Mlliyet Milliyet Blog Milliyet Blog
 
Facebook Connect
Blog Kategorileri
 

11 Ekim '11

 
Kategori
Doğal Hayat / Çevre
 

Sivrisinekleri “Kov”Lamak ya da bilinçli olmak …

Sivrisinekleri “Kov”Lamak ya da bilinçli olmak …
 

Sinek bir hayvandır! Bu konuda kimsenin farklı bir düşünceye sapacağını sanmıyorum.

Ama sinek hayvanları koruma derneklerinin korumadığı bir hayvandır…

İşte “sorun” belki de bu noktada çıkmaktadır…

Sineğin bir hayvan olduğu halde hayvan severlerin korumasına alınmaması konusundaki garabeti vakit bulup da düşündünüz mü, onu bilemiyorum.

Konu “sivri” sineğe gelince, mesele biraz çatallanıyor.

Sivri-sinek, (bildiğiniz gibi,) sivri bir çene yapısına sahip olma niteliği nedeni ile marjinal bir sinek türüdür…

Sinek ve bilumum sinek türleri [ve bu arada sivrisinek de, bittabi…] yine üzerinde anlaşacağımız üzere, nemli ve pis ortamların ürünüdürler.

Eğer çevrenizde bir bataklık varsa, çöpler öbek öbek yığılmış ve arşı âleme dayanmış ise ve lağım sularının hoyratça doğaya boca edildiği bir beldede yaşıyorsanız, hayvan sever dernekleri ne derse desinler, yapacak tek şeyiniz vardır: bakkala koşmak ve bir şişe “Kov” satın alıp, sürünmek, sıvanmak!..

Gelin evinize, geçin televizyonunuzun karşısına ve alın elinize “kov”unuzu…

Çekin tetiğini kov şişesinin.

Ve artık [ve elhamdülillah]  “kov şişeleri süngünüz; tüm mekânlar kışlanızdır…”  korkmayın, basın tetiğe!

Bir kez daha, bir kez daha…

Ve tüm sineklerin, sivrileri de dahil, çevrenize ve bireysel özgürlük alanınız içine yaklaşmalarına engel olun; “kov”un onları, kovun tez elden!..
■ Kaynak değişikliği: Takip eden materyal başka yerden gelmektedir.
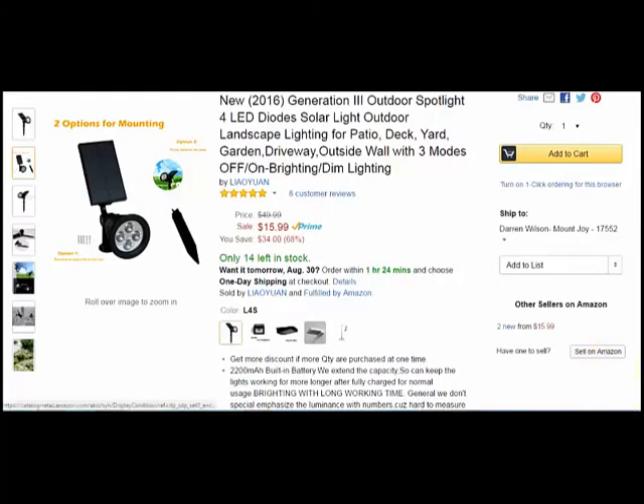You can get it at amazon.com for $15.99. I'll do a little bit of a hands-on video and show you the stake, show you the light itself, how big the solar panel is, and pretty much how the buttons work and everything. And that's going to be in the video that's about to start right now.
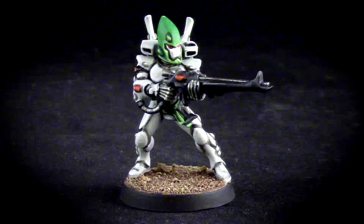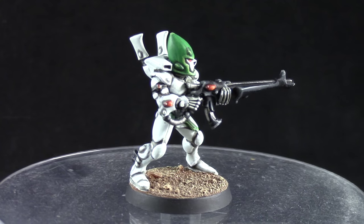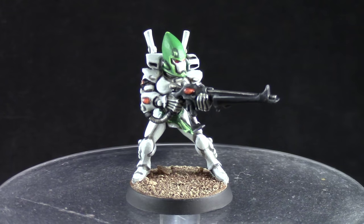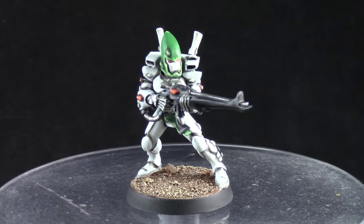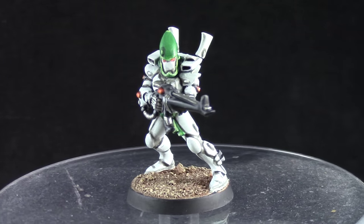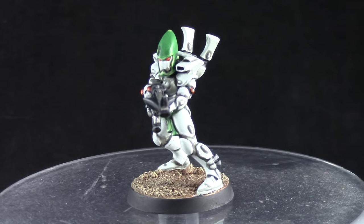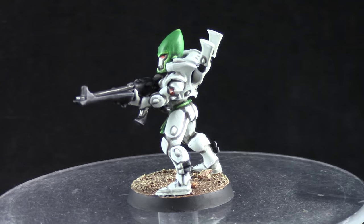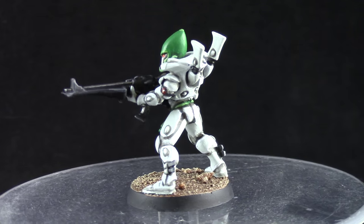Welcome to this painting tutorial. In this video I'm going to show you how I painted this Biel-Tan Eldar for Warhammer 40k. White is often a very difficult color to paint and I try to simplify the process in this video and make it as easy as I can get it. I'm very happy with the way it turned out.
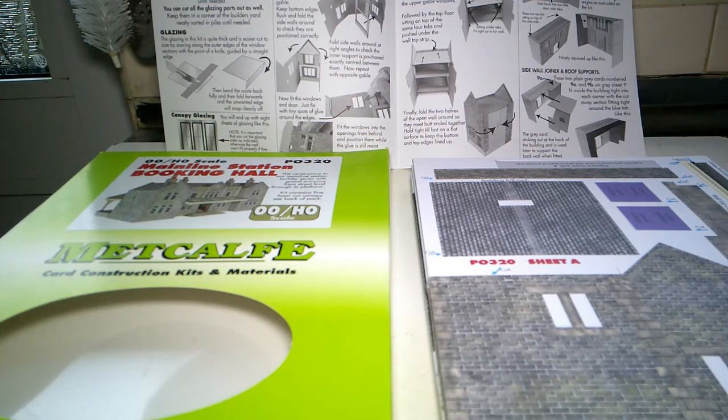Hello everybody and welcome back to Somerset Andy's channel. Welcome back to something a little bit different - as you can see, I have ready to start assembling the Metcalfe Main Line Station Booking Hall, which is P0320.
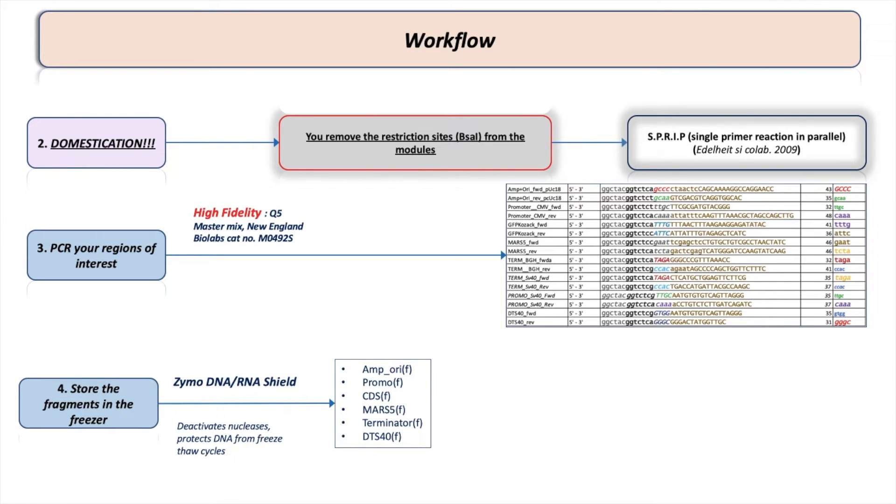Step four: I store the previously amplified fragments in the freezer using a special buffer called DNA RNA Shield from Zymo Research. This buffer deactivates nucleases and protects DNA from freeze-thaw cycles, since I'll be reusing the fragments repeatedly. For example, with six fragments previously amplified using these primers, I store them in Shield in the freezer in six separate tubes. When I'm ready for the assembly, I take a certain amount — about 20 microliters from each tube — into one tube, then clean and concentrate them in a single purification step to remove polymerase, nucleotides, and other impurities.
Eğer yaşadığınız yörede 5 yıldızlı otelleriniz mevcut, ancak, kanalizasyon şebekesi na-mevcut ise…

Ve tüm lağım çukurları sızdırmalı… Ya da bu çukurlardan [göstermelik olarak] çekilen lağım suları, korumalı özel teşebbüs birimleri olan vidanjörler tarafından iki adım ötedeki ormanlık yaşam alanlarına boca ediliyorsa…

Ve bu korkunç uygulama [resmi ve gayrı-resmi, yerel ve genel] herkeslerin önünde ayan ve beyan devam edebiliyorsa… Size yapacak iki şey kalmaktadır:

1.-  “Kov” şişenizin tetiğini çeke çeke maaşınızı ve sağlığınızı tüketmek;

2.- Ya da çevre bilincinin gerçek bir uygarlık göstergesi olduğunu kavrayıp, bu pervasız gidişe karşı sorumlu bir yurttaş sıfatı ile mücadele etmek…
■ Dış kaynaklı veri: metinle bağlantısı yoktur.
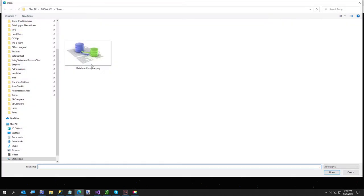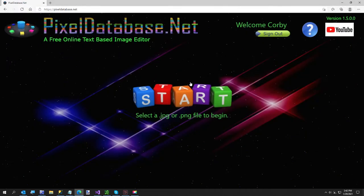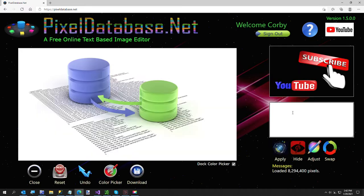Hi everybody, it's your graphics tip in one minute from pixeldatabase.net. In this very short video I'm going to show you how to remove the background from an image like this one, as soon as this 3840 by 2160 image finishes loading.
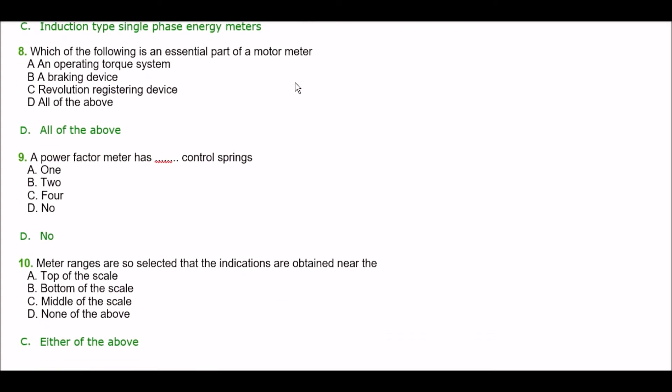Next question. Which of the following is an essential part of a motor meter? Option A: an operating torque system, option B: a braking device, option C: revolution registering device, option D: all of the above. The right answer is option D — all of the above.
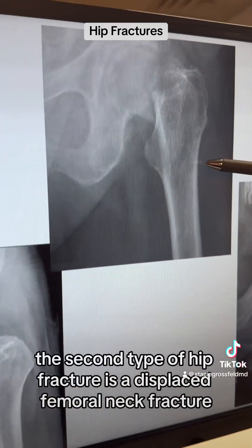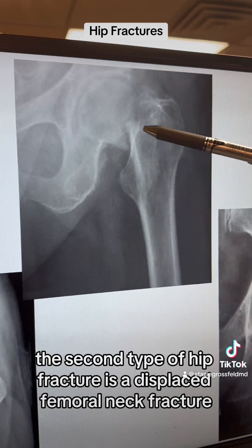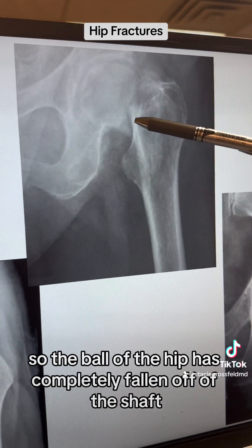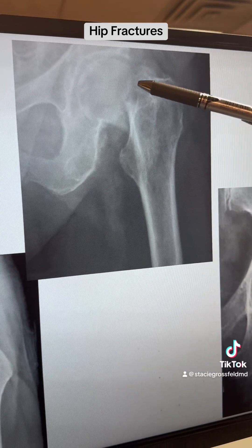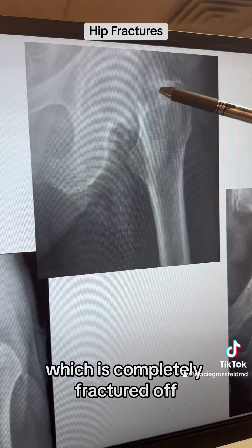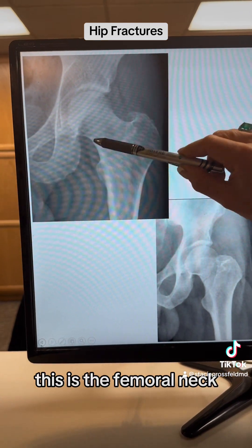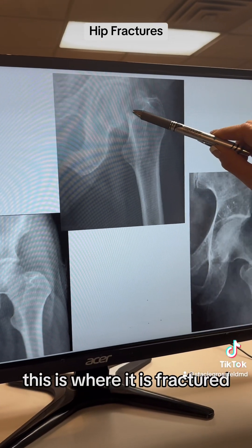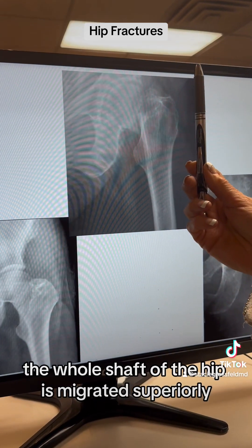The second type of hip fracture is a displaced femoral neck fracture. The ball of the hip has completely fallen off of the shaft. This is the femoral neck area, and this is the ball or the head of the femur, which is completely fractured off. If you look back at the normal side, you can see the femoral neck is normal. Over here, this is where it is fractured, and the whole shaft of the hip has migrated superiorly.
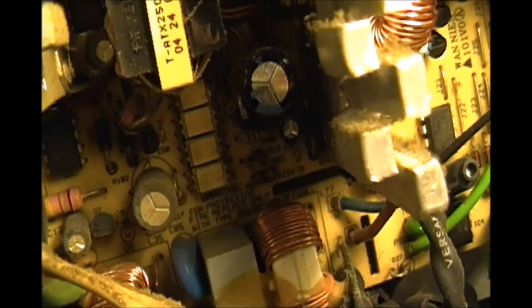I don't know if you can see it, but right there in front of you — there's that capacitor, and it's the only one that's bulging.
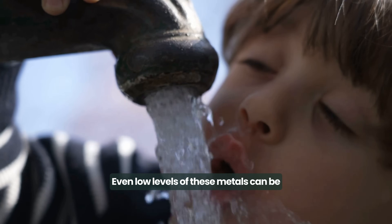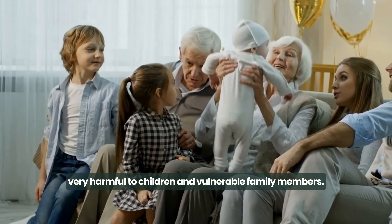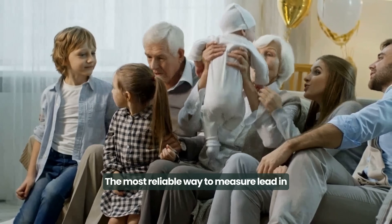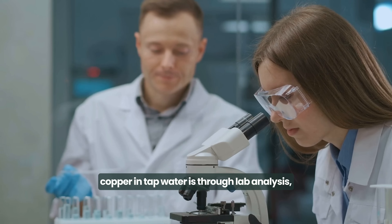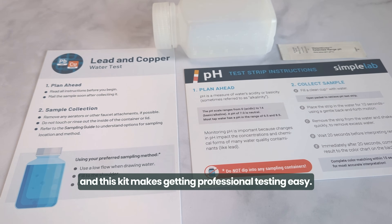Even low levels of these metals can be very harmful to children and vulnerable family members. The most reliable way to measure lead and copper in tap water is through lab analysis, and this kit makes getting professional testing easy.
Ya uygar ve sorumlu bir yurttaşlık bilinci içinde gün geçtikçe “sivri”lecek ve çevrenize bu “çağdaş bilinci” ulaştırmanın adsız neferi olacaksınız… Ya da “kov”unuzun gücü ölçüsünde çevrenizdeki ve mekânınızdaki haşereleri, mahlûkatları ve bilumum “sivri”leri nafile bir gayretle kovma biçareliğini sürdüreceksiniz…
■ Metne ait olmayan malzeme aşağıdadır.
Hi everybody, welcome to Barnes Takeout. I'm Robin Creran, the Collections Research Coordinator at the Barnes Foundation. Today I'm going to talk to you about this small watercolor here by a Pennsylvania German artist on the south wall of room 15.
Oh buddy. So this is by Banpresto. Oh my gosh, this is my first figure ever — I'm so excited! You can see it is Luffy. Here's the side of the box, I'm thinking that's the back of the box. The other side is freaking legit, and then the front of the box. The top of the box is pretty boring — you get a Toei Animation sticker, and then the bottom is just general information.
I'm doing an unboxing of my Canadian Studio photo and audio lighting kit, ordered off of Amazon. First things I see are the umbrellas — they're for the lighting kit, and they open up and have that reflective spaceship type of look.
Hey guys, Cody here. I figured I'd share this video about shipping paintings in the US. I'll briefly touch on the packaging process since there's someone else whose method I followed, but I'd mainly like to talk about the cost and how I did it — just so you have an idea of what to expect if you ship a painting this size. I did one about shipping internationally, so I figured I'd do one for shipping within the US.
Kovacaksınız ki, işler daha bir sarpa sarmasın!..

Lağım sularını göz göre göre çevreye dökenlerin ve bu çevre felaketine göz yumanların karşısına dikileceksiniz ki, bastıkları dalı kesmeye kalkışan bu kara cehalet uygulamasının önü alınabilsin…

Bir ülkede yasaların mevcudiyeti yeterli değildir.

O yasaların ortaya koyduğu ya da koruduğu değerlerin bilincinde olmak gerekir.

Bu değerleri yok eden ya da yok edilmelerine göz yuman “halk–sağlığı–düşmanları”na karşı yılmadan mücadele etmek gerekir.

Sözünü ettiğimiz bilinç ortamını oluşturmadan ve açıklamaya çalıştığımız mücadelenin ortak paydasının oluşumuna omuz vermeden millet de olunamaz, halk da, yurttaş da…

Milliyetçilik, toplumculuk ya da vatanseverlik, mehter marşı çaldığı zaman diken diken olan tüylerimizin sayısı ile ölçülmez.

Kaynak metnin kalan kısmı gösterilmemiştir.